#### Records ####

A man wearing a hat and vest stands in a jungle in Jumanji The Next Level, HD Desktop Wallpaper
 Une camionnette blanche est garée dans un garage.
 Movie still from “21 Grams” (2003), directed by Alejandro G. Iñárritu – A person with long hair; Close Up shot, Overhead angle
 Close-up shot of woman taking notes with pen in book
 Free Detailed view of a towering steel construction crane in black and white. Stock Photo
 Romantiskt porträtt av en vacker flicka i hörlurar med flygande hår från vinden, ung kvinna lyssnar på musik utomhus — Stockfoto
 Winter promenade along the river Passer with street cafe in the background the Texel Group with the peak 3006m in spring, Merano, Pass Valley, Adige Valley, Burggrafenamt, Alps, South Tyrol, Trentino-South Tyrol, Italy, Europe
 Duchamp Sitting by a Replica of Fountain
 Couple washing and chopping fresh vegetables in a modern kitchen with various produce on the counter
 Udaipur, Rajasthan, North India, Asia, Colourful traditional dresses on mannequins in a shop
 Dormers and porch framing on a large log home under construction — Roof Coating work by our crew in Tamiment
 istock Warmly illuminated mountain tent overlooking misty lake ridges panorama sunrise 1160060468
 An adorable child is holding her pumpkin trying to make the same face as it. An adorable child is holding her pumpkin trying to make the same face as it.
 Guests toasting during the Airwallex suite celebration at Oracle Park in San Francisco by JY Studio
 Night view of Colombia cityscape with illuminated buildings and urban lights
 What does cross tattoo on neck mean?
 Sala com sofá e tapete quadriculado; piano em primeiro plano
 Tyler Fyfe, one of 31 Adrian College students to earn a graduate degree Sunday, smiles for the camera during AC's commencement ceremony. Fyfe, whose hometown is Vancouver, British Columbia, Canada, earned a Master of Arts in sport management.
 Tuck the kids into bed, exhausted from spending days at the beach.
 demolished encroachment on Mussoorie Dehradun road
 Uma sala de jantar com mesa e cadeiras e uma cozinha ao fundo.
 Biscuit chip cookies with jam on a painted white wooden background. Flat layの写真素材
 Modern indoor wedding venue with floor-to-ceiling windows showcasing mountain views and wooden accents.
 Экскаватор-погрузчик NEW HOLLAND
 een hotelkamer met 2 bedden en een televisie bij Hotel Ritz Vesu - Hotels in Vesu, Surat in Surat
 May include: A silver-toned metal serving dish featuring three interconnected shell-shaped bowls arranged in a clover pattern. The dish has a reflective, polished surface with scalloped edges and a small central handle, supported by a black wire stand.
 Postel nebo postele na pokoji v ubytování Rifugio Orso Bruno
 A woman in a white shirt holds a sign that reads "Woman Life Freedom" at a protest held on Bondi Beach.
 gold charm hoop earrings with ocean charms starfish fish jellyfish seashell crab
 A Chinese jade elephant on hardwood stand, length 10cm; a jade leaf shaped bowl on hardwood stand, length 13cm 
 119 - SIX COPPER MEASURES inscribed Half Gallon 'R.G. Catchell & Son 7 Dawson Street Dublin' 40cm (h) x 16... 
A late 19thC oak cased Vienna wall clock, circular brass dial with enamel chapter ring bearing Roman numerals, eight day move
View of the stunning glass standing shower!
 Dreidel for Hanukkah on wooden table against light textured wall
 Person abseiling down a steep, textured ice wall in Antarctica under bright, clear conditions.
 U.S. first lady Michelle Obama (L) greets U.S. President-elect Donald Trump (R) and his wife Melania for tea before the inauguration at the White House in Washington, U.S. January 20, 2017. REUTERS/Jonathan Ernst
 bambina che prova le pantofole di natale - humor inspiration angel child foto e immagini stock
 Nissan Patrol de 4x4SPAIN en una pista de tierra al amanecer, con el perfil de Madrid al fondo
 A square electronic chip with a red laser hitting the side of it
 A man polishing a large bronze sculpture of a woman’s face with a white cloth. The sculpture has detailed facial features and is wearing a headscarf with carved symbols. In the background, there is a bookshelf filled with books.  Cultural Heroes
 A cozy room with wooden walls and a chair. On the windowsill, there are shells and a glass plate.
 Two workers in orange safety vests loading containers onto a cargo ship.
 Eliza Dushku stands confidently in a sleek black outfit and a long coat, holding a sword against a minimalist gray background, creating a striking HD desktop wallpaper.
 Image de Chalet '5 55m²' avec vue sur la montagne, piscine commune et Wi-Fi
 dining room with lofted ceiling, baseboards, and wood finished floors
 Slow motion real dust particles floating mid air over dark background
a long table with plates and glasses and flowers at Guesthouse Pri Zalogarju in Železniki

####

- _Aim of the task_:
In the data above, how many lines hold the string "against"? Give the number by itself.

- _Answer space_:
2